### EXERCISE DIRECTIONS
Return the stretch from the line with "Next, round out" through the line with "It's like a" in the data below, character for character, skipping all pictures.

### INPUT DATA
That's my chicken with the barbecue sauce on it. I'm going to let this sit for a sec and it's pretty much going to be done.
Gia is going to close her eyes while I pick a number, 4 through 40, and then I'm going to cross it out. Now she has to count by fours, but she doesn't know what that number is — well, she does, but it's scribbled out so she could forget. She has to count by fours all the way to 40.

* * *

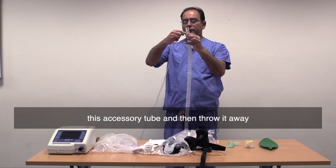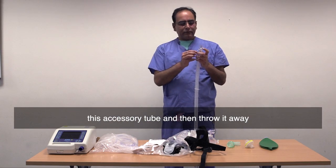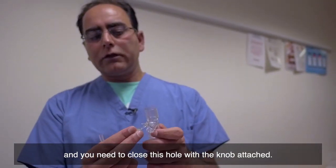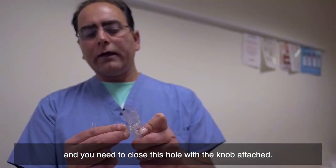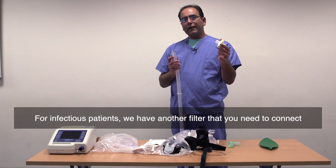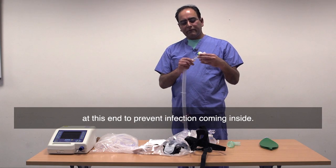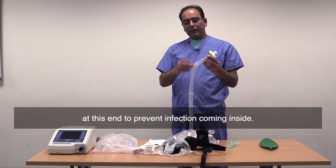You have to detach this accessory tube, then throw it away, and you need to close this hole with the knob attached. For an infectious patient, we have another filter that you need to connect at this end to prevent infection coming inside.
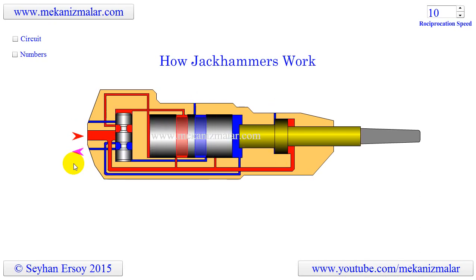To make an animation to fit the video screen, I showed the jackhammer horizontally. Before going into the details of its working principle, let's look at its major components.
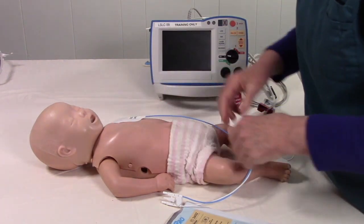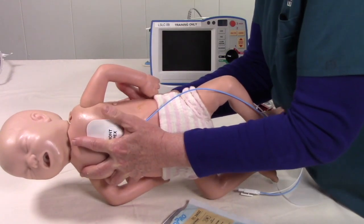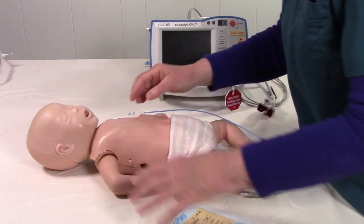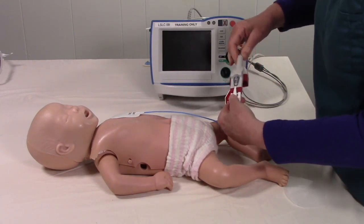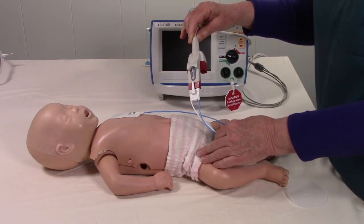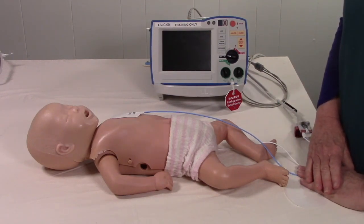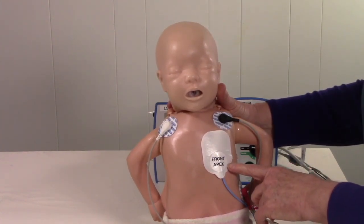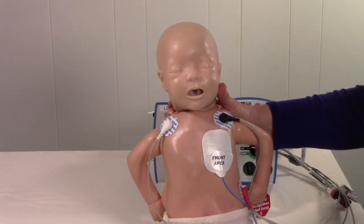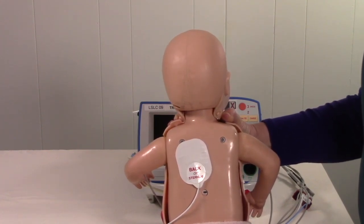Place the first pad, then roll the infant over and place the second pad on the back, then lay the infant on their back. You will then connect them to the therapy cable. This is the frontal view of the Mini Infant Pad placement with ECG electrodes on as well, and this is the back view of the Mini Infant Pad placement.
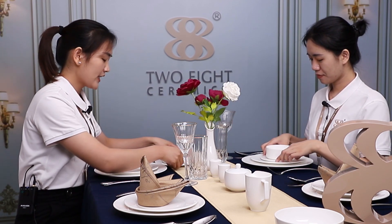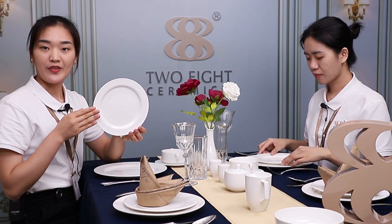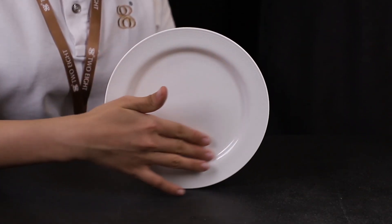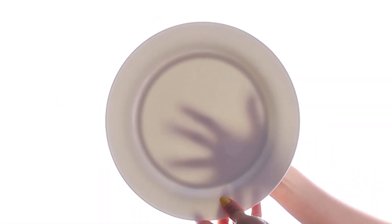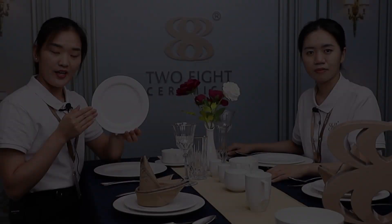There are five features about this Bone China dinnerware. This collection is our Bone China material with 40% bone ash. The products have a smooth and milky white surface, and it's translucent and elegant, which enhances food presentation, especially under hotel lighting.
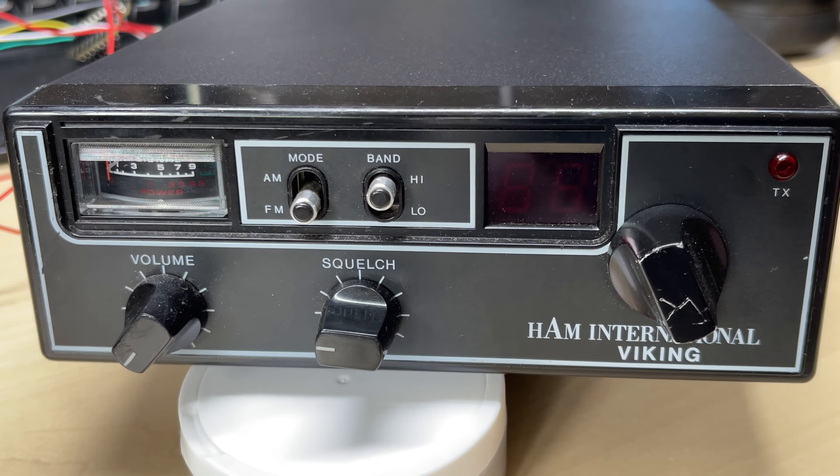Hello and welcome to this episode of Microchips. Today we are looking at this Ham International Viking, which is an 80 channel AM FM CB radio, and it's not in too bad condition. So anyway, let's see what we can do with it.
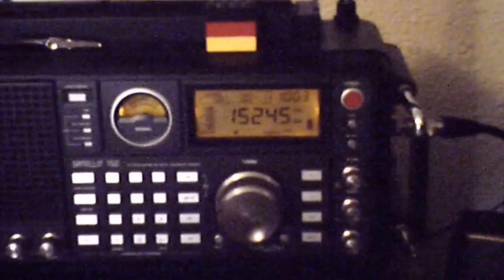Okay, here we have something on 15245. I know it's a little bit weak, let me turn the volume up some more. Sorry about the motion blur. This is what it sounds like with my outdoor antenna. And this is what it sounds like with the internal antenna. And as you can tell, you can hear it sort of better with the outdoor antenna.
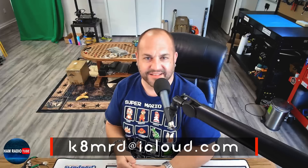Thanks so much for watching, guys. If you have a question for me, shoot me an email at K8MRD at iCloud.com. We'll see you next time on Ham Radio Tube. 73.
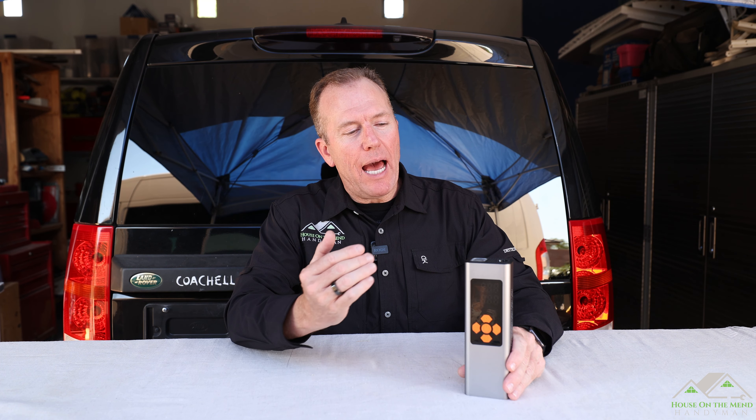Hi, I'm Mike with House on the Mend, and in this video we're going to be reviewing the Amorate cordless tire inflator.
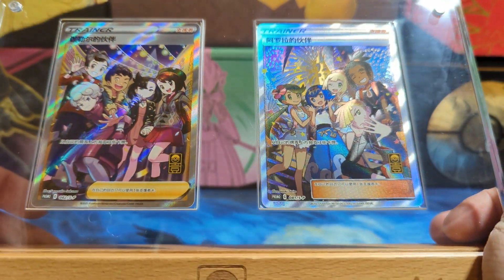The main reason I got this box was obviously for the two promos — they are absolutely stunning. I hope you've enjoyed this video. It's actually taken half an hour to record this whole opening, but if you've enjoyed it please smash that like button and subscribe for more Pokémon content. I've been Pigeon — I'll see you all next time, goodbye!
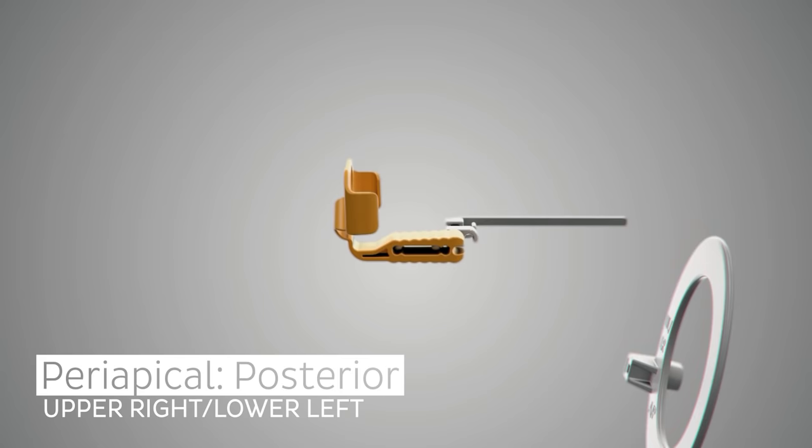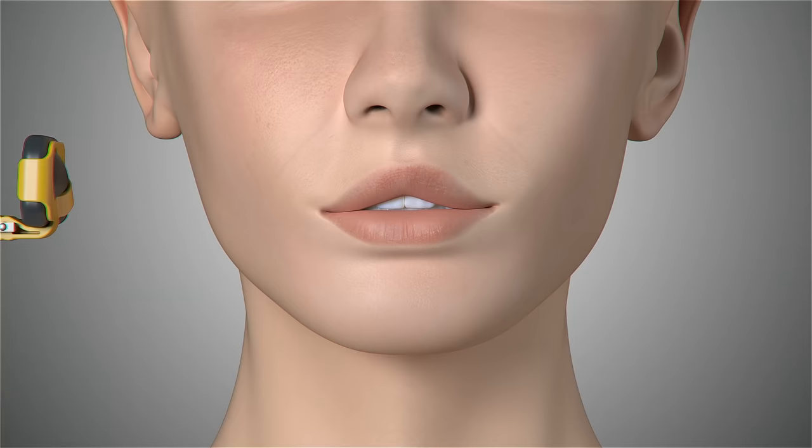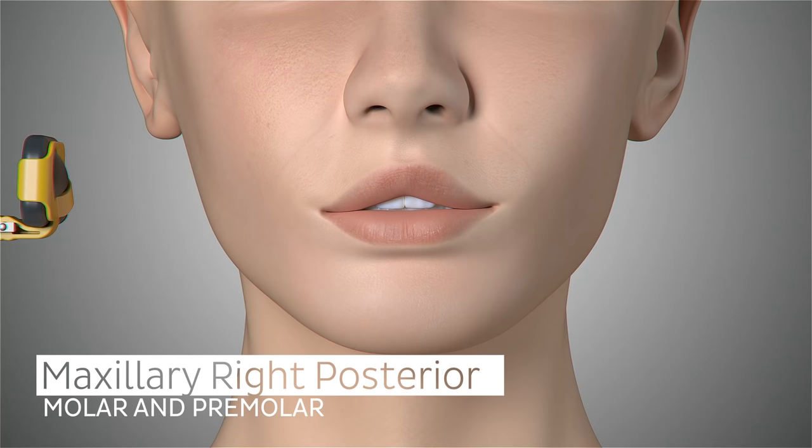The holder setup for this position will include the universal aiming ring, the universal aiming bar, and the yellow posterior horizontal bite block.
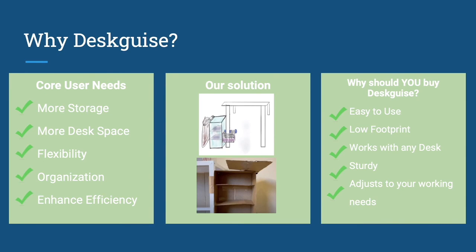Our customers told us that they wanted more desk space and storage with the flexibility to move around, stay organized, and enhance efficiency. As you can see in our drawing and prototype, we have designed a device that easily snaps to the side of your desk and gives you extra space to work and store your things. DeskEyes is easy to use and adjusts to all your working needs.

---

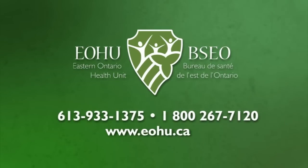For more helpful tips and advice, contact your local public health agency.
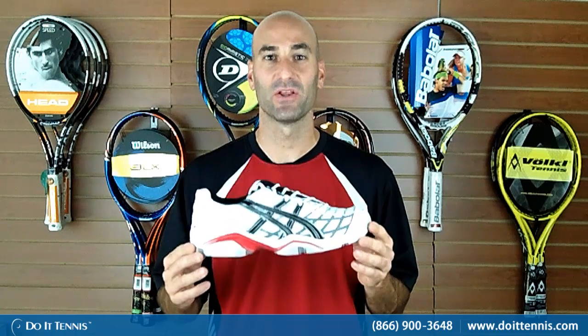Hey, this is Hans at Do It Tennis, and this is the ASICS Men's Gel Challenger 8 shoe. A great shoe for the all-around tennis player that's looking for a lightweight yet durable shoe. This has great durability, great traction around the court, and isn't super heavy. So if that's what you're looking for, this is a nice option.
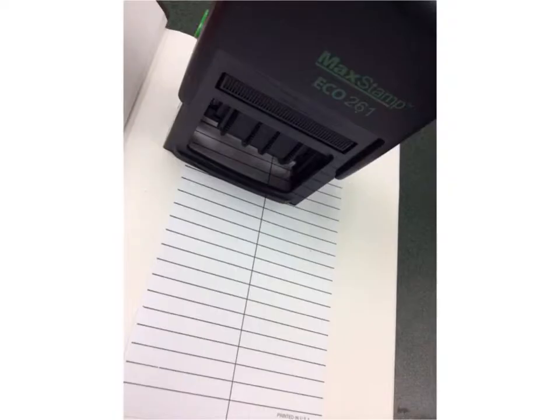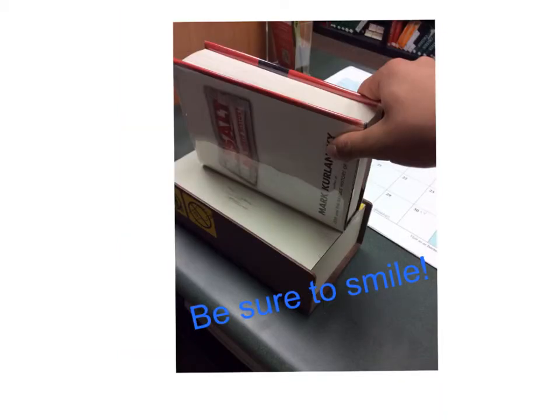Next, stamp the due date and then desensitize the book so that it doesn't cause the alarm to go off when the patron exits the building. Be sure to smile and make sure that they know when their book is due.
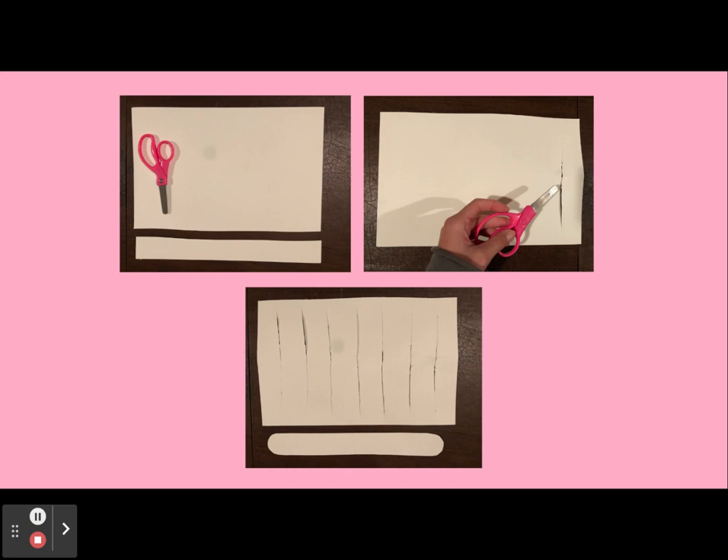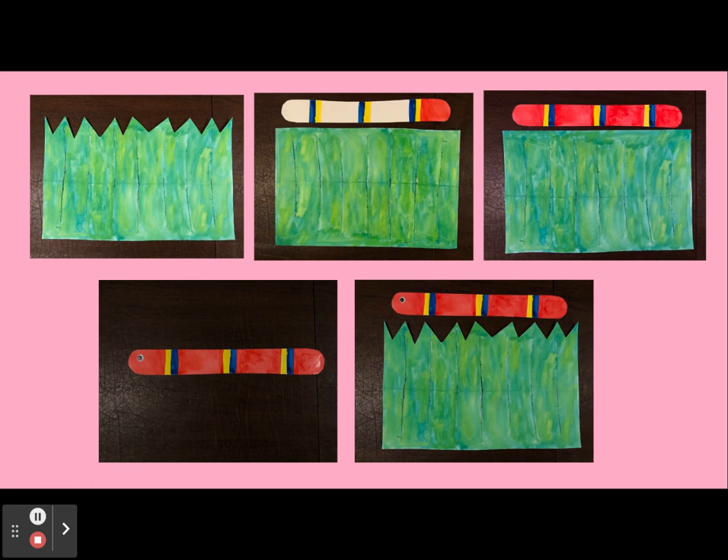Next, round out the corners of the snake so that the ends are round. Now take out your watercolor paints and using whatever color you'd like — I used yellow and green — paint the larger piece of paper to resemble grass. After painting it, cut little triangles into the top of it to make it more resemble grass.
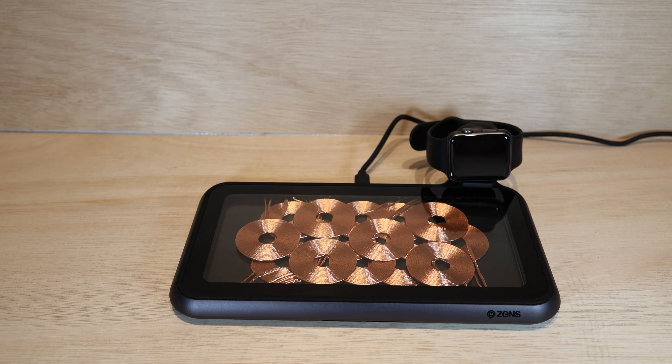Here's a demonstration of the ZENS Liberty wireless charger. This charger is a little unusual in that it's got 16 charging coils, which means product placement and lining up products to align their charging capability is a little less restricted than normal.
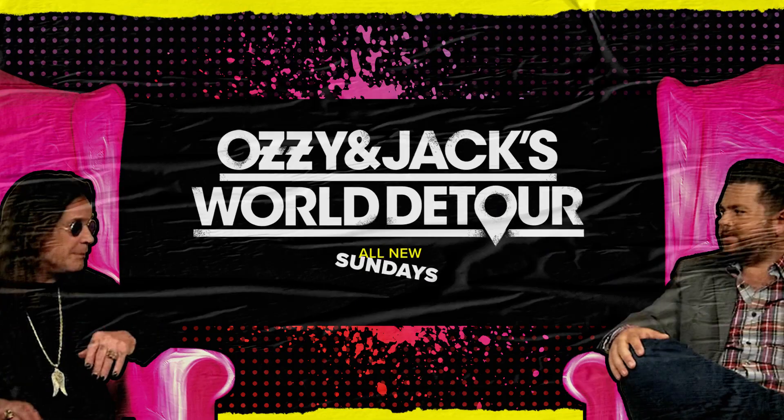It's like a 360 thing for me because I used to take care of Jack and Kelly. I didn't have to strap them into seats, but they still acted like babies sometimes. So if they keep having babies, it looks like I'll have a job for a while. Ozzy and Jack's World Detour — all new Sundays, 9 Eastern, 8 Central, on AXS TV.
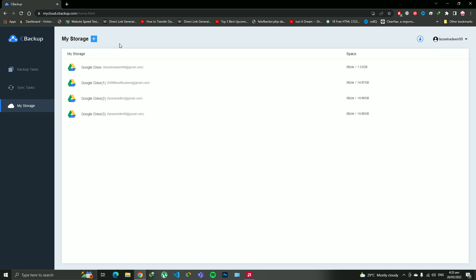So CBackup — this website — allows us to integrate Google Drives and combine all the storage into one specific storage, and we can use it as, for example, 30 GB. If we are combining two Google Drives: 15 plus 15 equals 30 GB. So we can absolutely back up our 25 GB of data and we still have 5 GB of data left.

### ANSWER BOX
Next, round out the corners of the snake so that the ends are round. Now take out your watercolor paints and using whatever color you'd like — I used yellow and green — paint the larger piece of paper to resemble grass. After painting it, cut little triangles into the top of it to make it more resemble grass.
Here's a demonstration of the ZENS Liberty wireless charger. This charger is a little unusual in that it's got 16 charging coils, which means product placement and lining up products to align their charging capability is a little less restricted than normal.
It's like a 360 thing for me because I used to take care of Jack and Kelly. I didn't have to strap them into seats, but they still acted like babies sometimes. So if they keep having babies, it looks like I'll have a job for a while. Ozzy and Jack's World Detour — all new Sundays, 9 Eastern, 8 Central, on AXS TV.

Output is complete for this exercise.